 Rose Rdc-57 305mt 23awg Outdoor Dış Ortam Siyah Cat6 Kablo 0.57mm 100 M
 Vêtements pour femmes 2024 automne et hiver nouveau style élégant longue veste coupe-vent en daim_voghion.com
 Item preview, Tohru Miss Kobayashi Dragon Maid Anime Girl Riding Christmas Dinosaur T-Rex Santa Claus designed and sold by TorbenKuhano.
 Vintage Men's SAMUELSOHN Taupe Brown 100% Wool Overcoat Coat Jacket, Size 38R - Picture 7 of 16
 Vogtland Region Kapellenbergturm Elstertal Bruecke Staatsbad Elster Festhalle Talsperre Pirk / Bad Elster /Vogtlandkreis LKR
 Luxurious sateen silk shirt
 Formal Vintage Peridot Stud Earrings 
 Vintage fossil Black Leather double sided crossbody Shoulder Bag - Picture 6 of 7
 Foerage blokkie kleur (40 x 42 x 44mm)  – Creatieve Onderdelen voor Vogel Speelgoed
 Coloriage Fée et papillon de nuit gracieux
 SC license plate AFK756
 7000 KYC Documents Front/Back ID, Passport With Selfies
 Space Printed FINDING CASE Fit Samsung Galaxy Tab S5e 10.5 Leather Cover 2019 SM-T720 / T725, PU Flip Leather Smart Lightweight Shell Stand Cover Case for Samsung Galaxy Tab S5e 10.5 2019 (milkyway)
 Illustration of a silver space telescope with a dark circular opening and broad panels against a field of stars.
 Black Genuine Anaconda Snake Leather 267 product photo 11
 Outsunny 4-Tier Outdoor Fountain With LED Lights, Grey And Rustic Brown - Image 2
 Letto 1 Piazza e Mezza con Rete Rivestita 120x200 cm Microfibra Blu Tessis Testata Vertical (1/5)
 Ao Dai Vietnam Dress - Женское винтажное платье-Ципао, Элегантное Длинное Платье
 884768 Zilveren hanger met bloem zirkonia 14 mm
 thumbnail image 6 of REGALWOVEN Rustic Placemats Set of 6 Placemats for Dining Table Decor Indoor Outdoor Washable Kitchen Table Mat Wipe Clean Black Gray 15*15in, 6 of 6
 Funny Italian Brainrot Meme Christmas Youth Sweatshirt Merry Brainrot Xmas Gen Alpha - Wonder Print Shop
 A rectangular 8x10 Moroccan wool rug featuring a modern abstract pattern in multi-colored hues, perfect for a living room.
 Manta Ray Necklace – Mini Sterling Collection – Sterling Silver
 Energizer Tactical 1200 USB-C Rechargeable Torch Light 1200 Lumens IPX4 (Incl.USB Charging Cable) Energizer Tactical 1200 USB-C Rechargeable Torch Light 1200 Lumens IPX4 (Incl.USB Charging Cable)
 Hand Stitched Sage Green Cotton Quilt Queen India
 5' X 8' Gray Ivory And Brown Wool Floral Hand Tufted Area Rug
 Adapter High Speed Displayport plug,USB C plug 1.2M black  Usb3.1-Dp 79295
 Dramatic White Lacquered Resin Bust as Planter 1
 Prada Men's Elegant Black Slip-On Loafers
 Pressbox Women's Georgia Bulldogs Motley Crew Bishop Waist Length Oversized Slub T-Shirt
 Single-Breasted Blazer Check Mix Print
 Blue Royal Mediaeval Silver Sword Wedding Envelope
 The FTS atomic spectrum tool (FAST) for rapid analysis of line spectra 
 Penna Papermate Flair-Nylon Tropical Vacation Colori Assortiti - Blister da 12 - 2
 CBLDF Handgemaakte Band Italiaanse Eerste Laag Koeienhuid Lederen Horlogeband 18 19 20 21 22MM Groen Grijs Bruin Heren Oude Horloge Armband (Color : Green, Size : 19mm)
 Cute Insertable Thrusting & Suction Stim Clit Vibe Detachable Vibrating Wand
**********
■ Brief
Looking at the entries above, count the lines that hold the string "Vintage" and reply with the count alone.

■ Task solution
3